Au Yémen, un accord entre gouvernement et séparatistes tarde à être appliqué
Le gouvernement yéménite et les séparatistes sudistes ont échoué à former un gouvernement dans le délai prévu par un accord signé en novembre et qui avait suscité l'espoir de contribuer plus largement à la résolution du conflit avec les rebelles.
Le conflit, qui a fait des dizaines de milliers de morts et conduit à la pire crise humanitaire dans le monde selon l'ONU, a été déclenché en 2014 lorsque le gouvernement a été chassé de la capitale Sanaa par les rebelles Houthis, provoquant une intervention d'une coalition militaire dirigée par Ryad.

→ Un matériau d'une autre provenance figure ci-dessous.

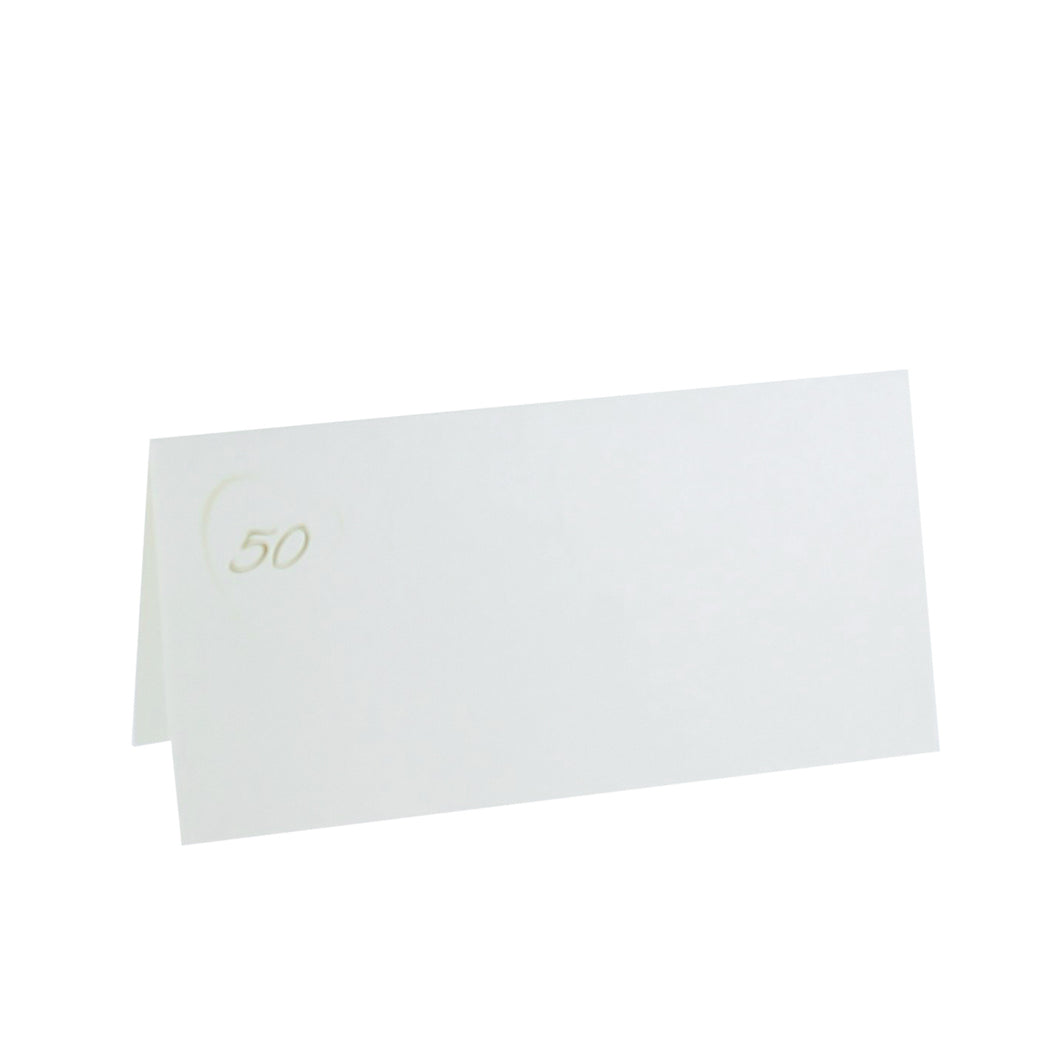 Tischkarte goldene Hochzeit perlmutt ivory mit der Zahl 50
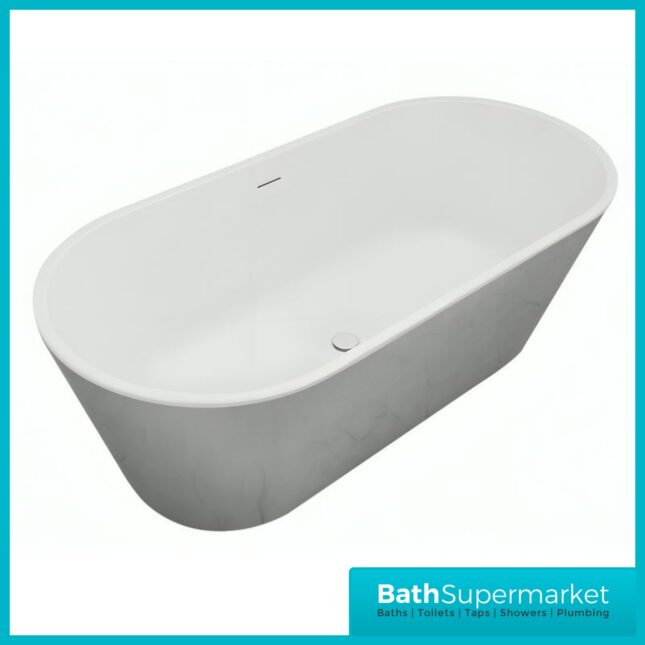 Bainlo Serenity Silver Double Ended Freestanding Bath 1600mm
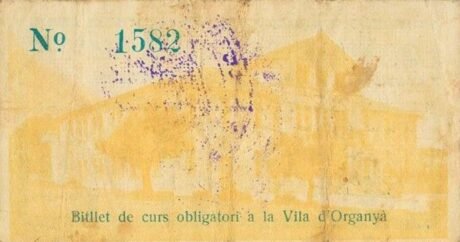 Реверс банкноты 25 centymów Organya (Hiszpania) 1937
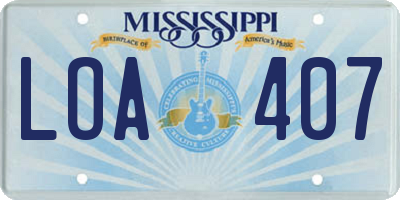 MS license plate LOA407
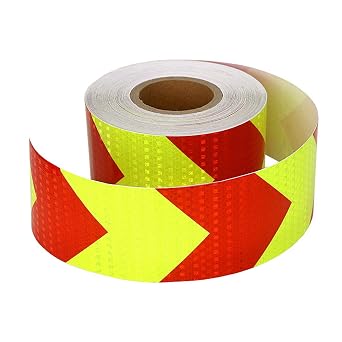 Reflective Tape Stickers,Caution Tape,Arrow Guide Sign Reflective Stickers for Vehicles Bikes Clothes Helmets Mailboxes 3.9 in 164 FT,White red Color Fluorescent Yellow Red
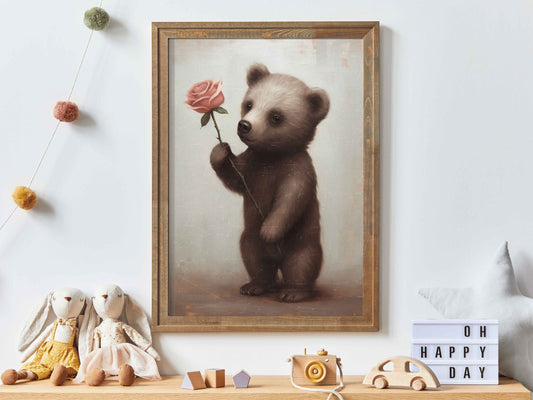 Vintage Baby Animal Wall Art - Brown Bear Cub Holding a Pink Rose, Unique Nursery or Kids Room Decor, Cute Digital Printable Art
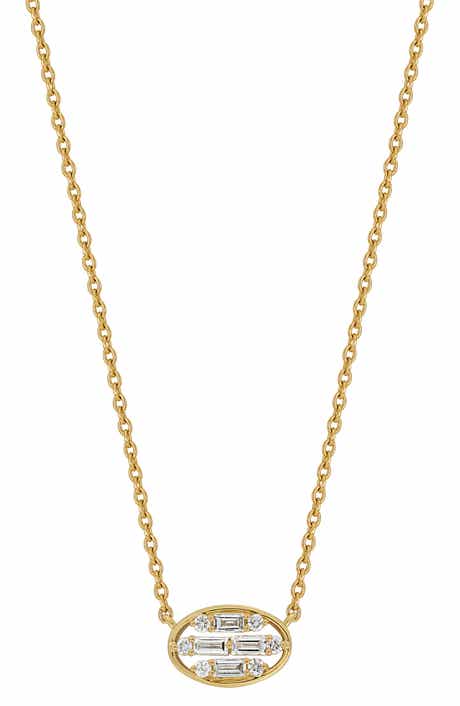 Bony Levy Mika Oval Diamond Cluster Bar Necklace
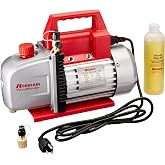 Robinair 15300 VacuMaster Vacuum Pump - 35 Micron Rating | For Air Conditioning and Refrigeration Service; 2-Stage Pump, 3 CFM Free Air Displacement, 1/3HP 115V/60HZ Motor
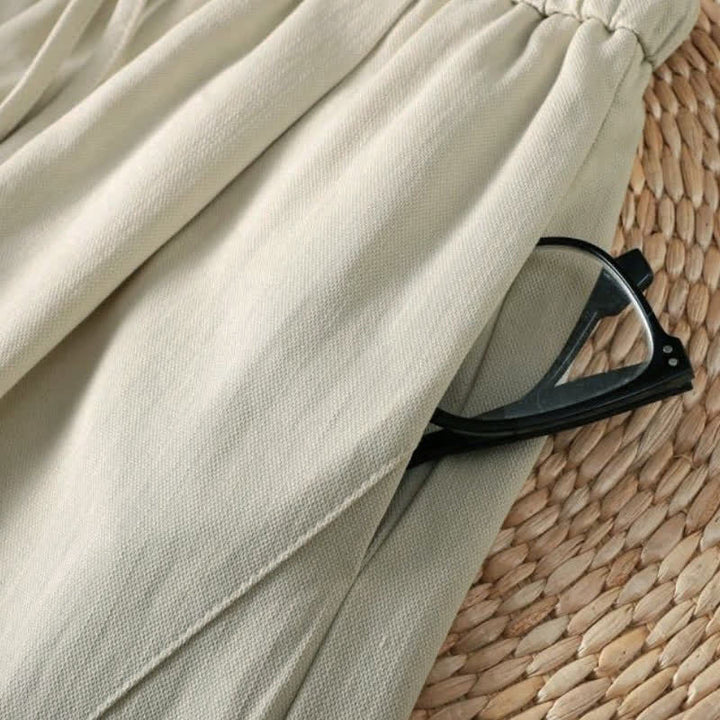Buddha Stones Fall Casual Minimalist Drawstring Solid Ankle Pants Women's Straight Leg Pants With Pockets - image 3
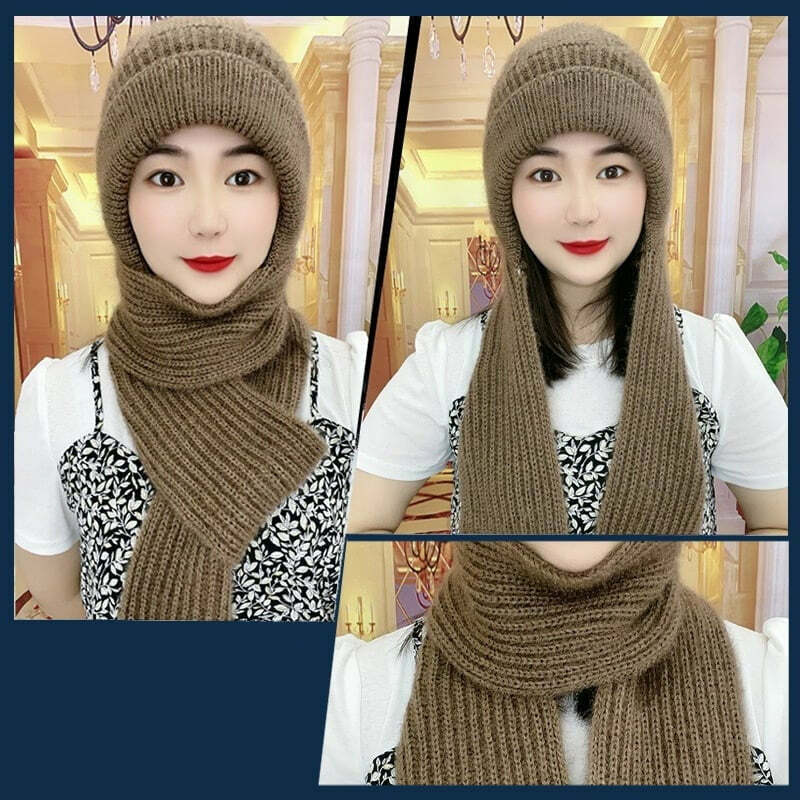 Fashion Women's Hat And Scarf Winter Warm Knitting Squirrel Velvet Snow Cap Plush Ear ProtectionOne-Piece Knitted Scarf Hat 2023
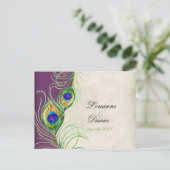 Peacock Feathers RSVP Response Briefkaarten (Staand voorkant)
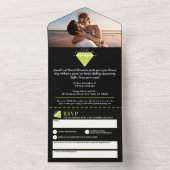 Peridot 1e huwelijksfeest gemstone all in one uitnodiging (Binnen)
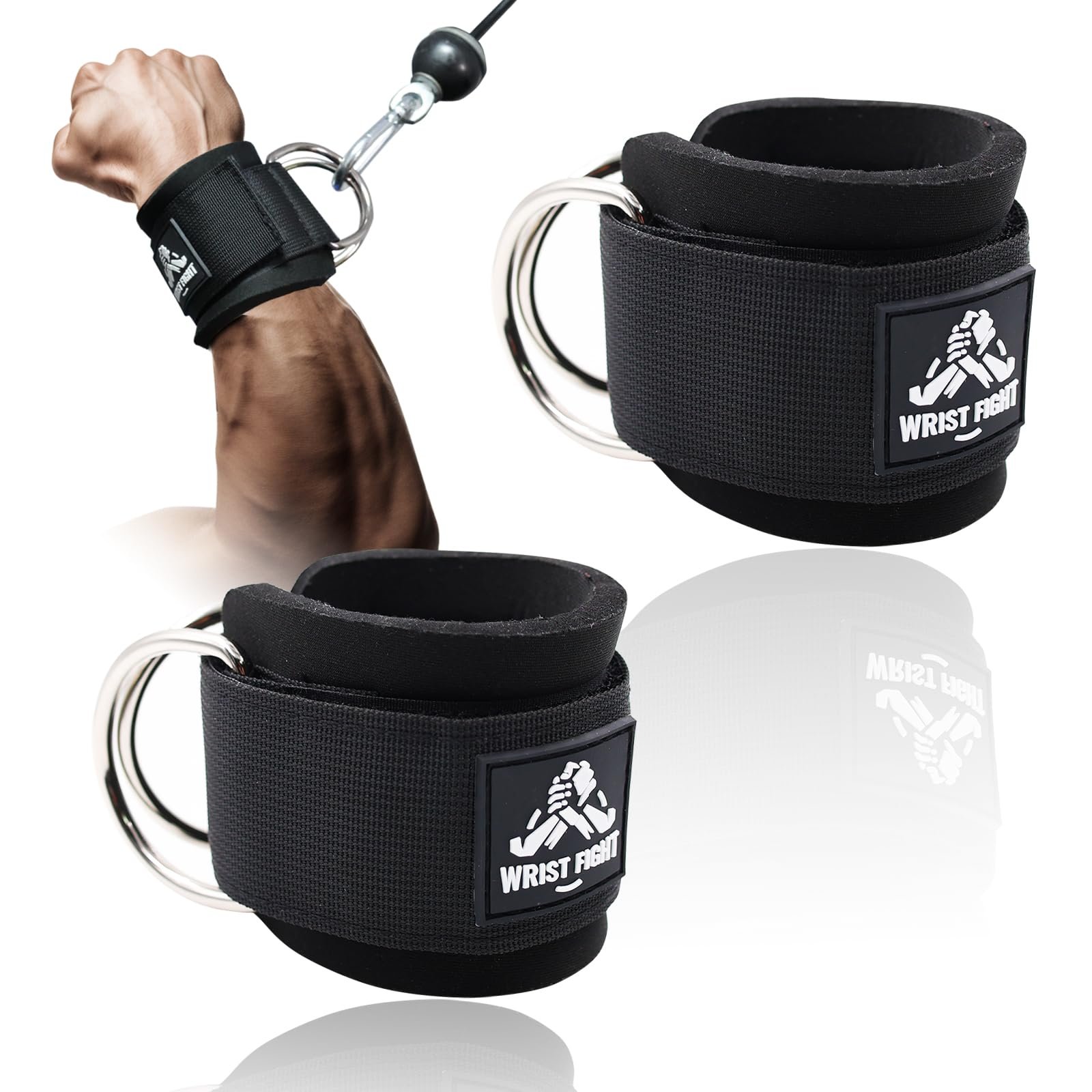 Puños de Muñeca con Doble Anillo D - Soporte Seguro y Cómodo para Ejercicios en Máquinas de Cable, Elevaciones Laterales, Entrenamiento de Fuerza en Brazos y Ejercicios de Tríceps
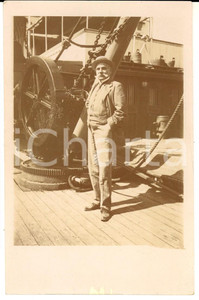 Fotografia d epoca originale 1910 Viaggiatore su un piroscafo in partenza Fotografia VINTAGE FP 1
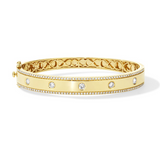 14K Honey Gold Bangle with 1.19Carat TW Diamonds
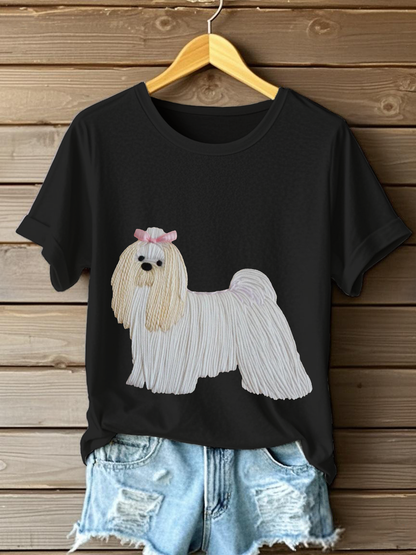Women's Dog Art Print T-shirt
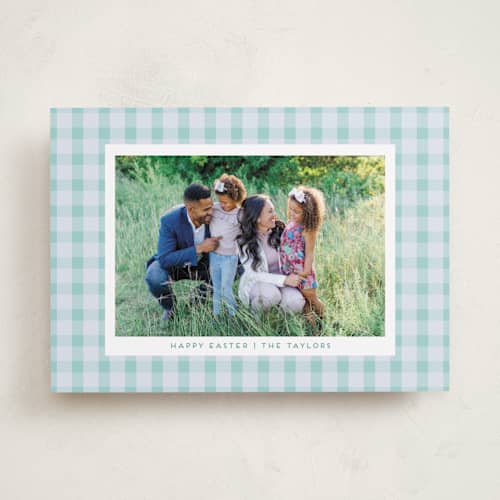 This is a aqua easter photo cards with standard by Sarah Cohn called easter plaid card printing on recycled smooth signature in standard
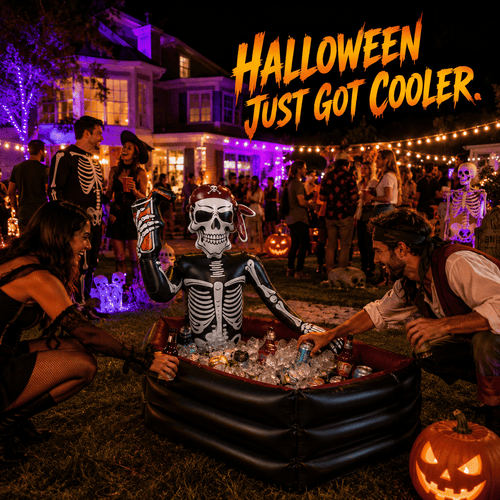 40-Gallon Inflatable Pirate Skeleton Cooler for Halloween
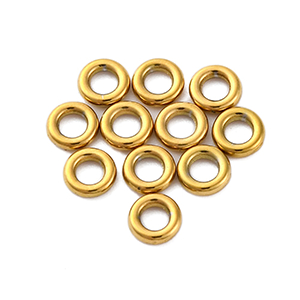 85155 Stainless Steel Closed Rings ,For Jewellery 4X1mm/5Pcs/   Gold Plated,   ,Material Ανοξείδωτο Ατσάλι 304,, (40 0) ()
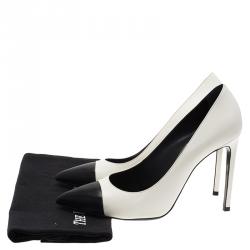 Pre Owned Saint Laurent Paris Two Tone Leather Cap Toe Pointed Pumps Size 41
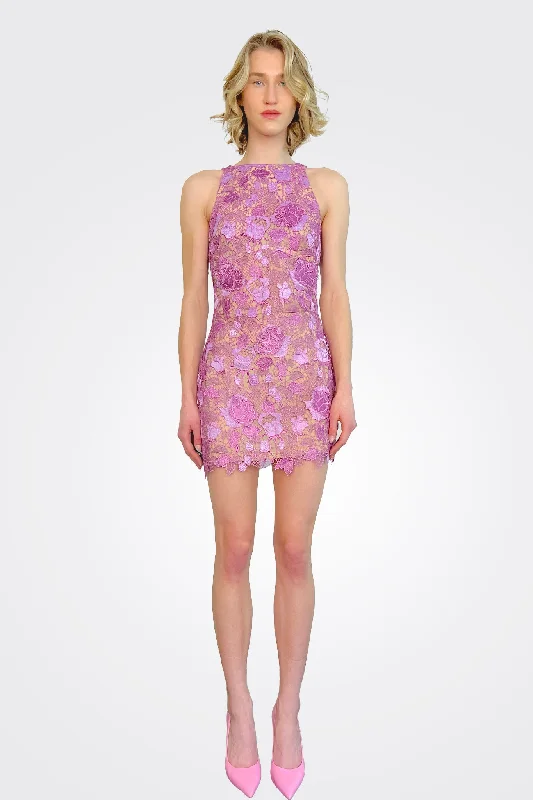 Etta Mini Dress - Lavender Garden Stylish Short Sleeve Mini Dress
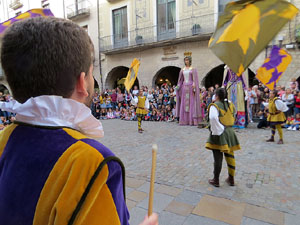 Fires de Sant Narc&iacute;s 2022. Toc de rams. Cerim&ograve;nia del canvi de rams de les gegantes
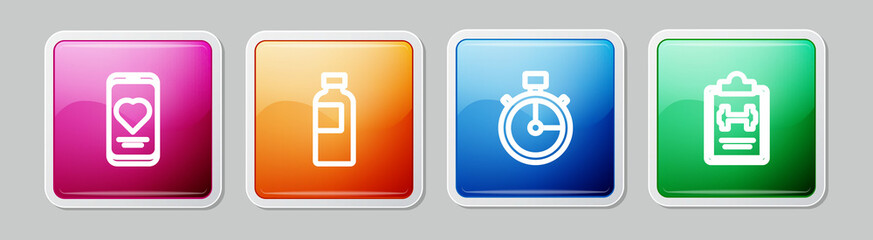 Set line Mobile with heart rate, Fitness shaker, Stopwatch and Sport training program. Colorful square button. Vector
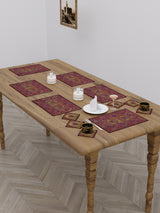 Banarasi Zari Set of 6 Placemats with 6 Coasters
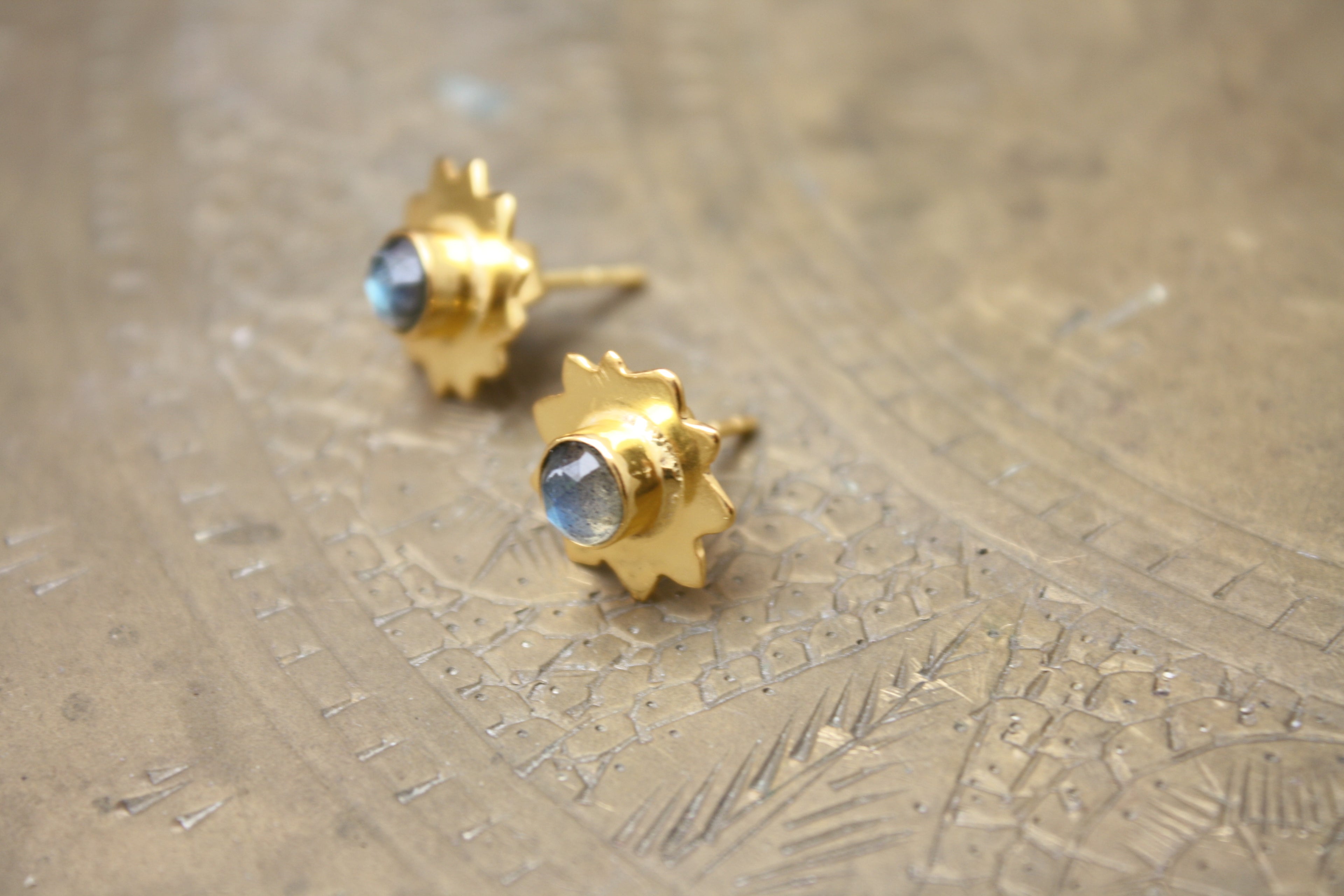 Gold Sun Stud Earrings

En août, des combats ont éclaté sur un autre front, lorsque les séparatistes sudistes se sont emparés de la grande ville du Sud, Aden, qui faisait office de nouvelle capitale pour le gouvernement.
Les liens étroits entre les forces séparatistes et les Emirats arabes unis -- un allié clé des Saoudiens au sein de la coalition militaire venue en aide au gouvernement face aux rebelles-- ont par ailleurs provoqué des tensions au sein de la coalition.
Pour mettre fin à cette "guerre dans la guerre", l'Arabie saoudite est parvenue à décrocher le 5 novembre un accord entre le gouvernement et le Conseil de transition du Sud (STC).
L'accord prévoyait le retour du gouvernement à Aden, où sont revenus le Premier ministre Maïn Saïd et plusieurs ministres le 18 novembre.
Mais une autre disposition de l'accord, portant sur la création sous 30 jours d'un gouvernement composé de 24 membres et intégrant des ministres issus du STC, ne s'est pas concrétisée, tout comme l'intégration des forces séparatistes au sein d'un commandement central.
"Il n'est pas surprenant de voir les délais dépassés", estime Elisabeth Kendall, spécialiste du Yémen à l'Université d'Oxford, pour qui le calendrier prévu par l'accord était "très ambitieux".
"La question la plus importante est: est-ce que la traduction dans les faits des engagements est juste retardée, ou est-ce que ces engagements sont-ils juste impossibles à tenir?", s'interroge-t-elle.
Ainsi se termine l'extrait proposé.